China ETF investing is still largely a tale of two markets: onshore and offshore (for details on China’s share class structure, see our 2015 China ETF Guide).
Therefore, ETF investors are mostly forced to decide whether they want to go the “offshore” route with ETFs like the SPDR S&P China ETF (GXC | B-32), or the “onshore” route with RQFII ETFs like the Deutsche X-trackers Harvest CSI 300 China A-shares ETF (ASHR | D-38).
The problem is, either route you go, you are leaving out a huge chunk of China’s massive total equity market cap.
Onshore vs Offshore
According to MSCI, the MSCI All China Index (standard index) has a total market cap of $2.35 trillion. The China MSCI A-share Index has a market-cap of $1.35 trillion, making up 57 percent of that.

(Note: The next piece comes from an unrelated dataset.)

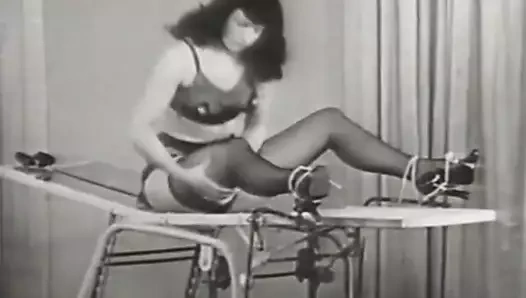 Güzel esmer zincirlerinden kaçar (1950'lerde vintage)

So, that means offshore-listed Chinese securities make up the remaining 43 percent.
The iShares MSCI China ETF (MCHI | B-29) has been the leading ETF in the segment for years, with $1.35 billion in assets. I’m constantly left wondering, why?
MCHI only holds Hong Kong-listed securities (its B-share exposure is miniscule), so it’s not even representative of China’s offshore market, let alone China’s full market. It’s ineligibility to hold US-listed Chinese firms means it can’t hold key Internet behemoths like Alibaba and Baidu.
(MSCI recently ruled that N-shares would be eligible in their global indexes, so MCHI is set to include N-shares in November 2015).
MCHI’s competitor, GXC--which offers comprehensive “offshore” exposure--has another $1.06 billion in assets. So between MCHI and GXC, there’s $2.37 billion in assets.
Yet, CN only has about $7 million in assets, or 0.2 percent of the $3.7 billion million in total assets in the China Total Market segment.
Just to put things into perspective how crazy this is, we’re talking about the 2nd largest economy in the world, and investors are still piling into funds like MCHI and GXC, which miss out on close to 60 percent of China’s float-adjusted equity market cap!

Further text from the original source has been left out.